= EXERCISE BRIEF =
Restate, word for word and with no pictures, the stretch of lines in the data below that begins at the line with "Hey guys, Andy" and ends at the line with "Which standards does", inclusive.

---- DATA SHOWN

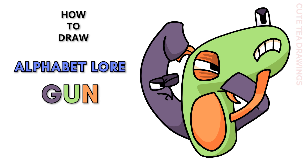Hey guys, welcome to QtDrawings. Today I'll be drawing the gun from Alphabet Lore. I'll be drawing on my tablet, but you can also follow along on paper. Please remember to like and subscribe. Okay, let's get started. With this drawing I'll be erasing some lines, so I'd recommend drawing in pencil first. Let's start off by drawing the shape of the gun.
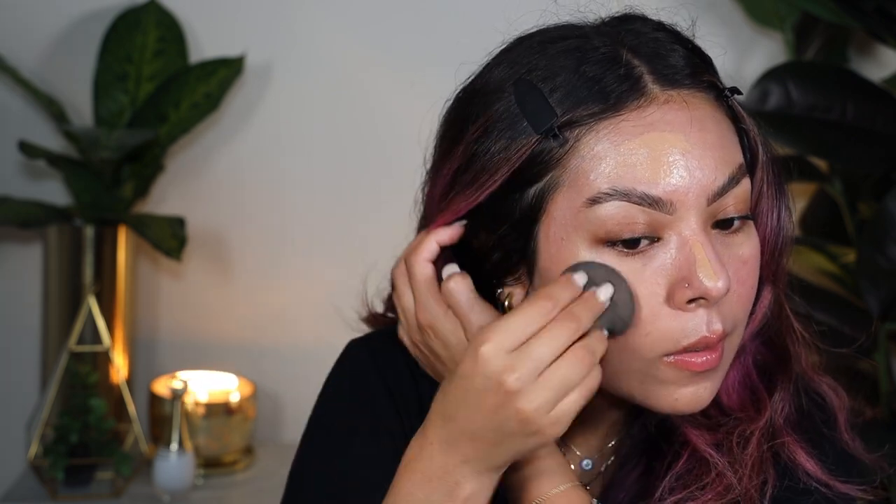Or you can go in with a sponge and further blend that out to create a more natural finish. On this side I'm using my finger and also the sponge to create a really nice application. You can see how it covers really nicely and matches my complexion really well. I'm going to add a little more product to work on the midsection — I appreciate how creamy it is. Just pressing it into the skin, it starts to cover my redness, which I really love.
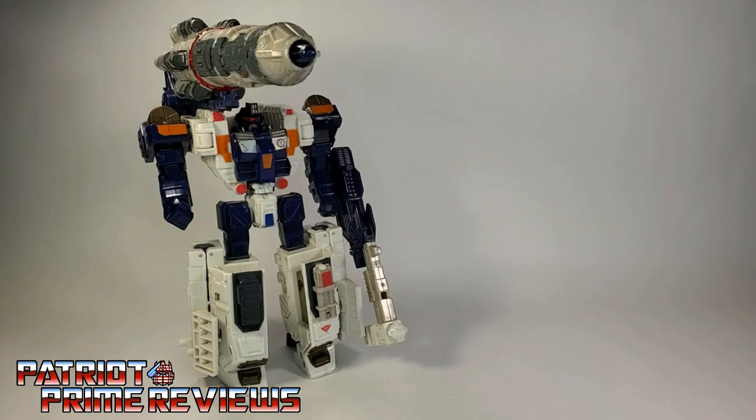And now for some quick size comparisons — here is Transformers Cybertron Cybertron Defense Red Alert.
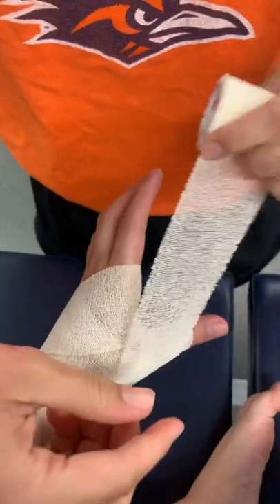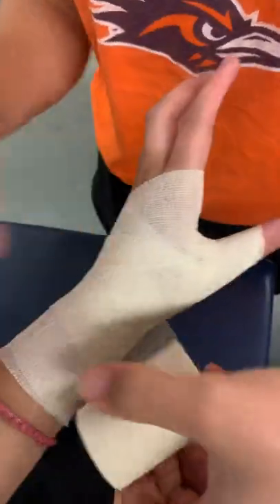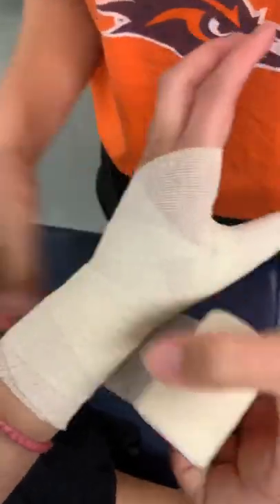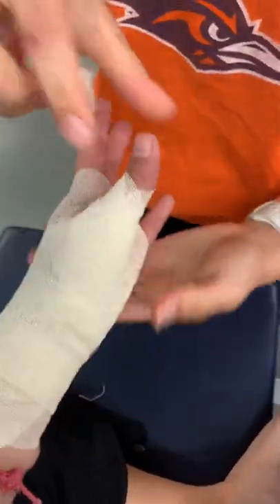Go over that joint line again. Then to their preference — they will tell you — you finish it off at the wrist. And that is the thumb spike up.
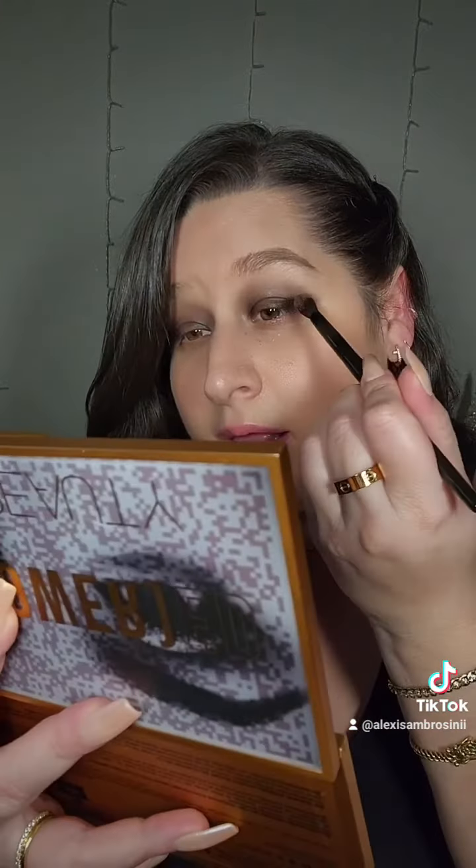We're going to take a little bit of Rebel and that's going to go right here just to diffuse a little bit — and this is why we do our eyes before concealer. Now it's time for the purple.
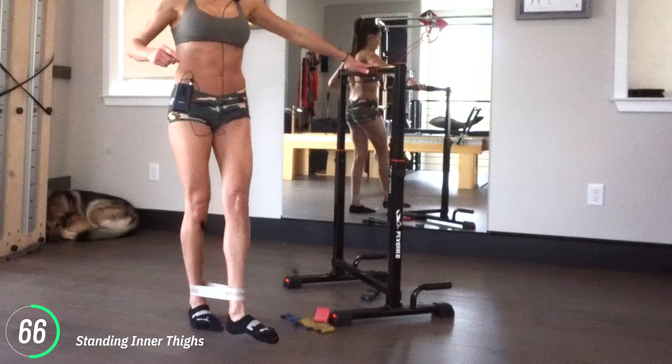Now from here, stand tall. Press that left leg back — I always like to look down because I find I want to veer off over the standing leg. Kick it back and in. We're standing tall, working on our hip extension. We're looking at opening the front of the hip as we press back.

--------
---- DATA SHOWN

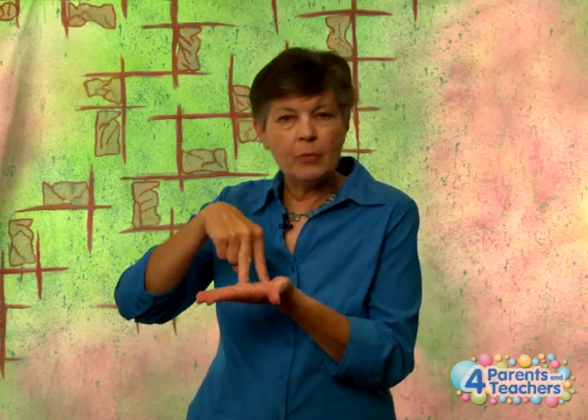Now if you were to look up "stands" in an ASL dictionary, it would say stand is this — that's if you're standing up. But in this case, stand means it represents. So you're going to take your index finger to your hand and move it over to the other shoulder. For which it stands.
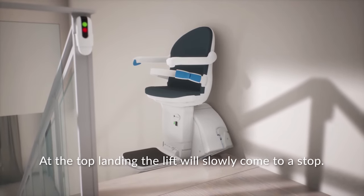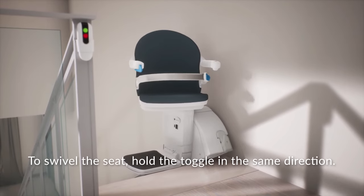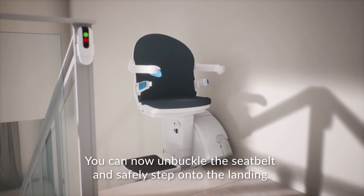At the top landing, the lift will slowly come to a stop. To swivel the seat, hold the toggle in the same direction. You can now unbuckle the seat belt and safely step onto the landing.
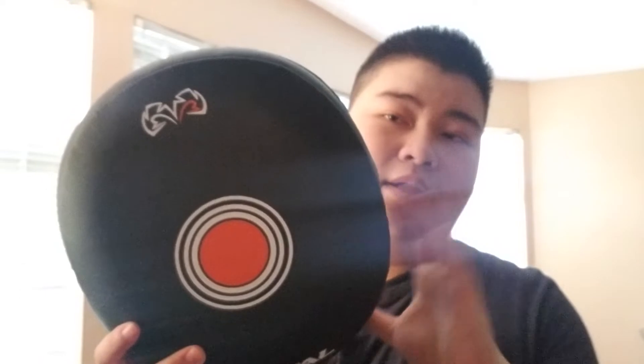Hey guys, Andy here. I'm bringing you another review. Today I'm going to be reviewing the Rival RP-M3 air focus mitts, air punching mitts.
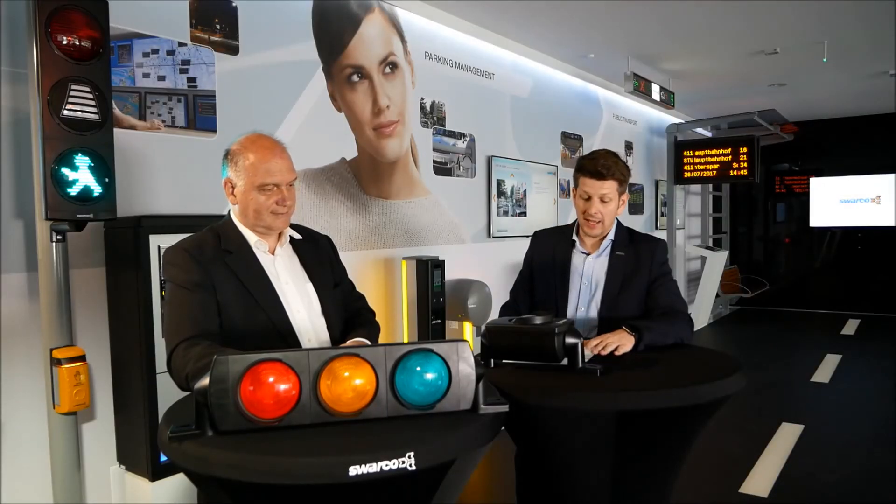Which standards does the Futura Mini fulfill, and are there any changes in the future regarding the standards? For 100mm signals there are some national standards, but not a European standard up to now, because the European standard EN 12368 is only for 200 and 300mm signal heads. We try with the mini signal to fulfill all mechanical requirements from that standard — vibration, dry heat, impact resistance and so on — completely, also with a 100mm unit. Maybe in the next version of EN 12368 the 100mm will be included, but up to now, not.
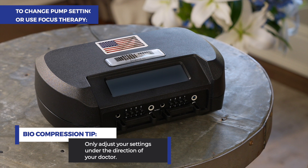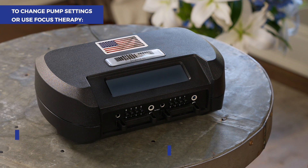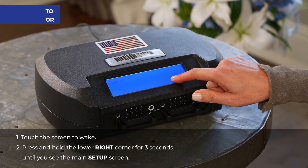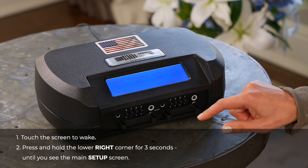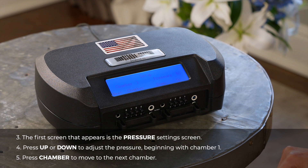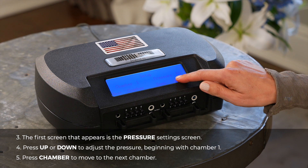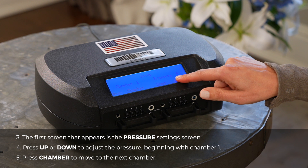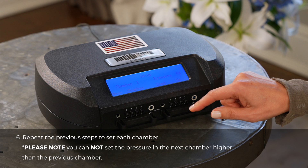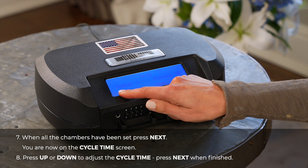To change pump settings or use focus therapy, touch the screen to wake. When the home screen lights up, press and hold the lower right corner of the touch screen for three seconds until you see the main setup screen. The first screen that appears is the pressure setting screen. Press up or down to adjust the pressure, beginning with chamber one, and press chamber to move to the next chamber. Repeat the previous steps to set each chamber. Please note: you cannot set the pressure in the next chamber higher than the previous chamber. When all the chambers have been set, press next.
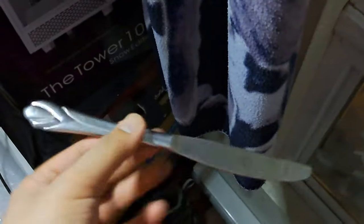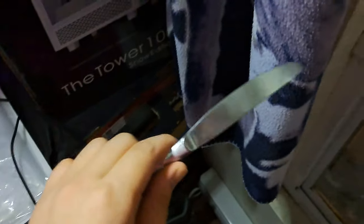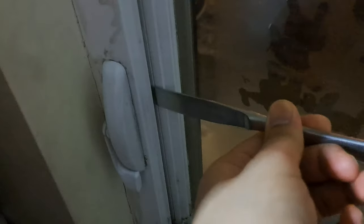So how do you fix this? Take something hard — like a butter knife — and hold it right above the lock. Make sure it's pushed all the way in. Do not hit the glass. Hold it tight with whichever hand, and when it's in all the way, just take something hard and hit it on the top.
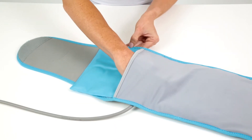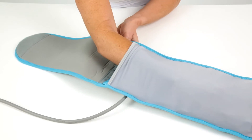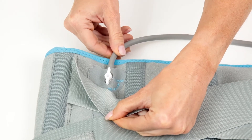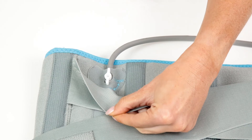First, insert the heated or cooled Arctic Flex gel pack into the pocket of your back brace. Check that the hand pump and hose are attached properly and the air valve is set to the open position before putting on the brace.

--------

= SOLUTION TO THIS TASK =
Hey guys, Andy here. I'm bringing you another review. Today I'm going to be reviewing the Rival RP-M3 air focus mitts, air punching mitts.
Which standards does the Futura Mini fulfill, and are there any changes in the future regarding the standards? For 100mm signals there are some national standards, but not a European standard up to now, because the European standard EN 12368 is only for 200 and 300mm signal heads. We try with the mini signal to fulfill all mechanical requirements from that standard — vibration, dry heat, impact resistance and so on — completely, also with a 100mm unit. Maybe in the next version of EN 12368 the 100mm will be included, but up to now, not.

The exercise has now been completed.